▸ TASK TO CARRY OUT: Using the listing below, print the line containing "Prime Live Work", the line containing "Colombia entrenó por", and each line between them, exactly and nothing else. Pictures stay out of the print.

▸ PROVIDED DATA:
┌────────

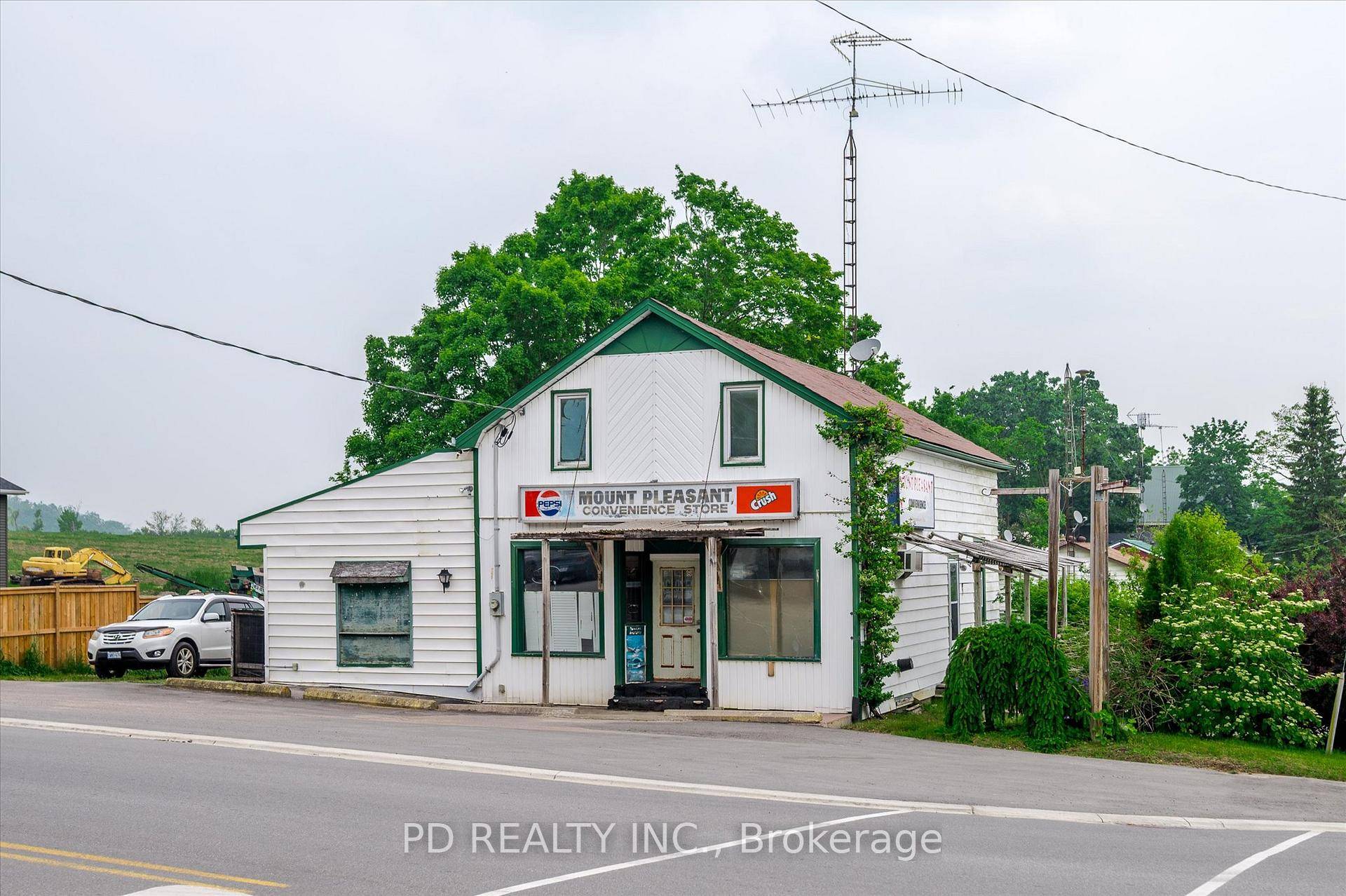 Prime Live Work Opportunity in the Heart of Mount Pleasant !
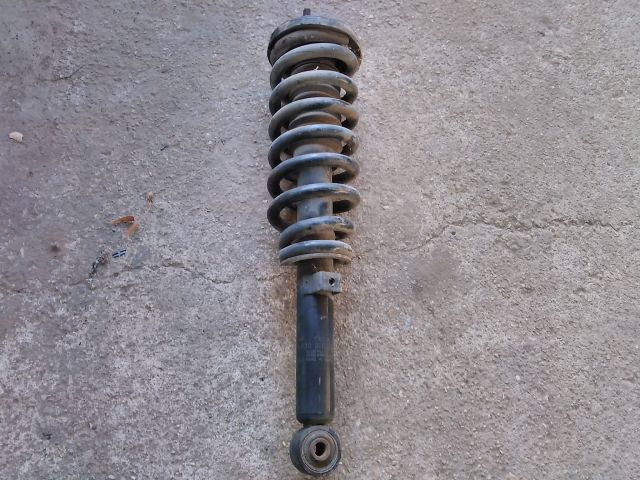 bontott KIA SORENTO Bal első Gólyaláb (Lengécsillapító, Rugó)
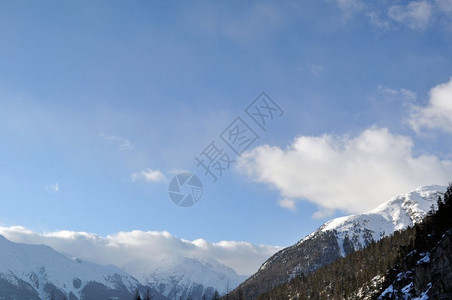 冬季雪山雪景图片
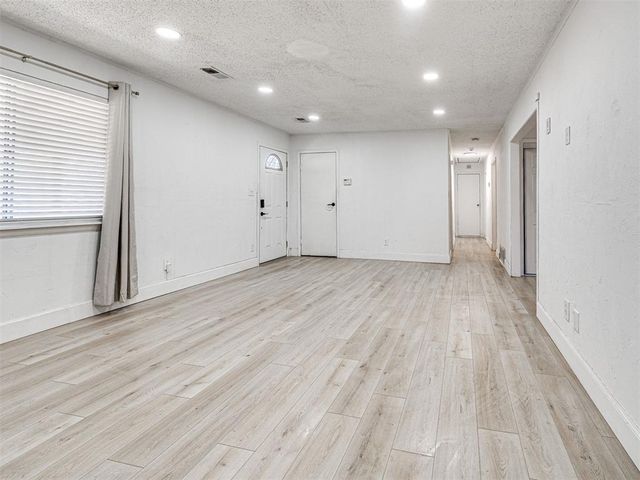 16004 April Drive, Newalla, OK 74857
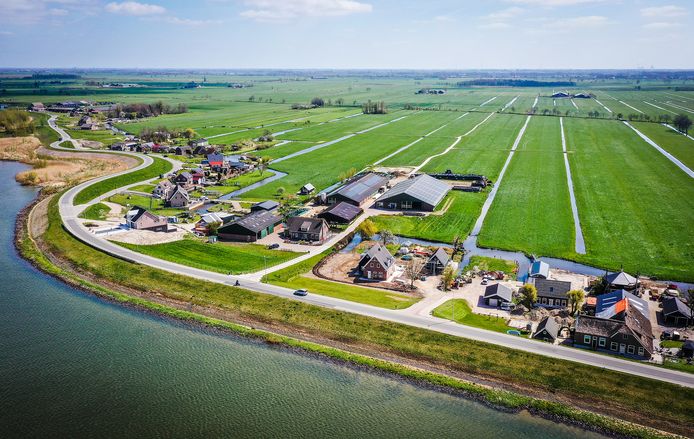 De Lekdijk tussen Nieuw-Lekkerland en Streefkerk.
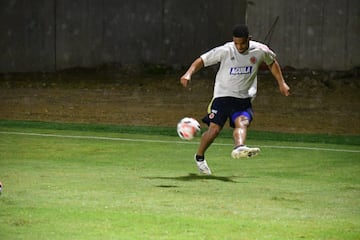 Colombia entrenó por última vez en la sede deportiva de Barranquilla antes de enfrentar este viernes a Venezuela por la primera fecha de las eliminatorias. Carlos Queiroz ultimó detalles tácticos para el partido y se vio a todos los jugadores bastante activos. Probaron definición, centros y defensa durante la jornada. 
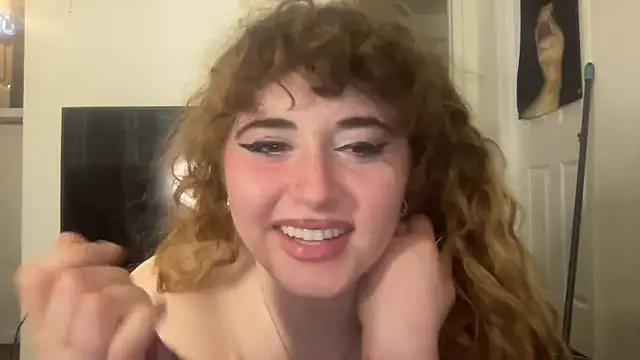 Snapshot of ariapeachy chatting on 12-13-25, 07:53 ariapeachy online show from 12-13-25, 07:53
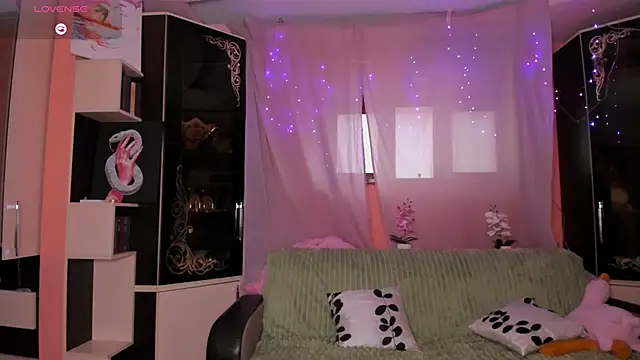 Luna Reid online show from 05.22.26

└────────
┌────────

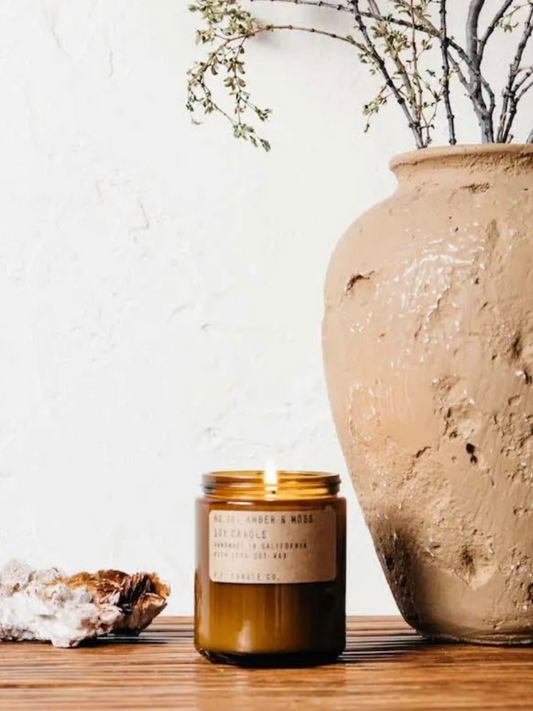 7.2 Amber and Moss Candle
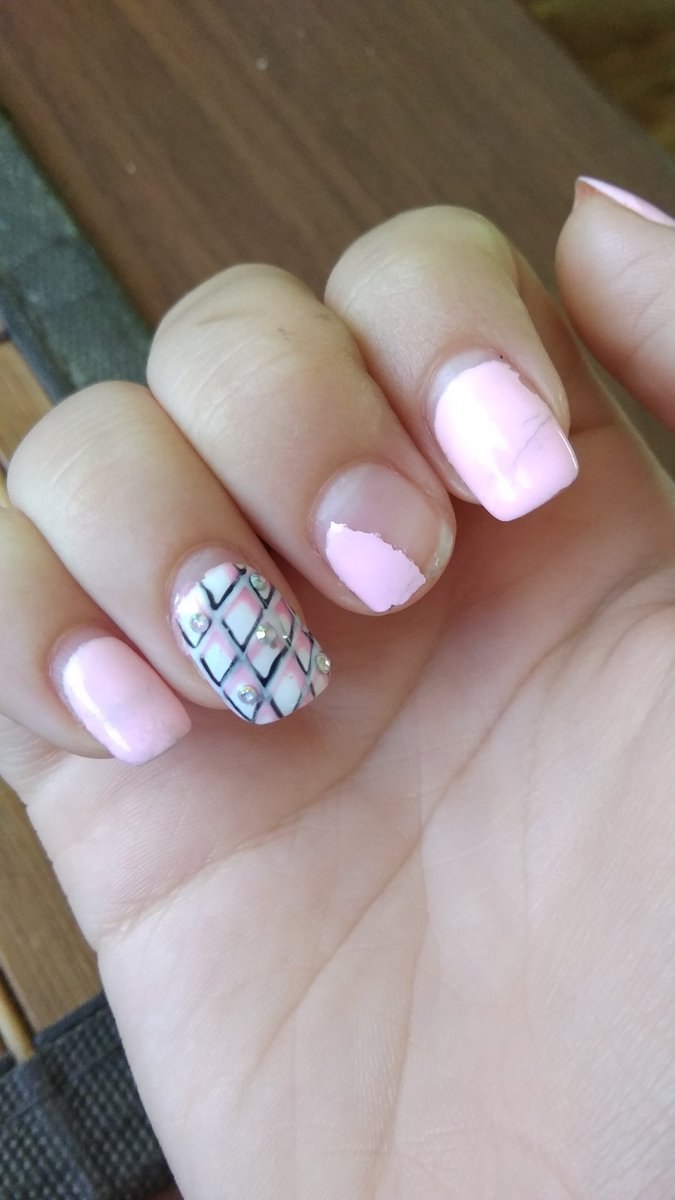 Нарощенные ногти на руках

└────────

▸ EXERCISE SOLUTION:
 Prime Live Work Opportunity in the Heart of Mount Pleasant !
 bontott KIA SORENTO Bal első Gólyaláb (Lengécsillapító, Rugó)
 冬季雪山雪景图片
 16004 April Drive, Newalla, OK 74857
 De Lekdijk tussen Nieuw-Lekkerland en Streefkerk.
 Colombia entrenó por última vez en la sede deportiva de Barranquilla antes de enfrentar este viernes a Venezuela por la primera fecha de las eliminatorias. Carlos Queiroz ultimó detalles tácticos para el partido y se vio a todos los jugadores bastante activos. Probaron definición, centros y defensa durante la jornada. 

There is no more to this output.